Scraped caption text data
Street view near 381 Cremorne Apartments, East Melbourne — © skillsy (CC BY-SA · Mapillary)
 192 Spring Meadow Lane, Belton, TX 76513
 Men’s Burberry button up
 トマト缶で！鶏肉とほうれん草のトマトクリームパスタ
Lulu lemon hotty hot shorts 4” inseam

## TRY IT
The lines wanted are those from the one with "トマト缶で！鶏肉とほうれん草のトマトクリームパスタ" through the last line of the records, repeated exactly and with both ends included.

## RESPONSE TO THIS TASK
 トマト缶で！鶏肉とほうれん草のトマトクリームパスタ
Lulu lemon hotty hot shorts 4” inseam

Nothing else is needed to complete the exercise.